El templo evolucionó de enramada montañera, a la orilla de un abismo, a
débil ermita de la Peña Vieja. Allí los vientos del Diego Largo lo derribaron
con el impulso del aliento paramuno.
Los abuelos y los ángeles bajaron las estatuas de la Sagrada Familia para
construirle una capilla digna. La edificación fue ampliada varias veces y
reparada según la economía de los patrones. Los devotos conservaron su linaje
histórico y vieron a un capellán alemán, el padre Struve, en una gestión
eclesial para trasformar el sitio en parroquia, la joya de la Arquidiócesis. El
esfuerzo tuvo un premio con el decreto de monumento nacional y por antonomasia
el de santuario mariano cuyo patronazgo ejerce desde 1685 sobre la urbe
capitalina.
Hoy un reducido rebaño de valientes es el hilo conductor de una bella
tradición colonial. Su acervo cultural es ignorado por la mayoría de los ciudadanos
porque en el colegio les inocularon amnesia patria.

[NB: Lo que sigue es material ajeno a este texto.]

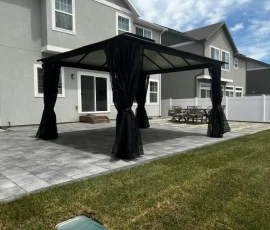Black metal gazebo with mesh curtains on a stone patio behind a house.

¿Bastaría este resumen de silencios, grabados en el alma de la metrópoli,
para realizar una catequesis sobre la gracia celestial que habita en el
misterioso altar? El próximo año cumplirá 300 años de amor vigilante sobre un
Bogotá olvidadizo.
Una joya desconocida por la mayoría de los bogotanos. Ella sí nos conoce a todos y nos cuida.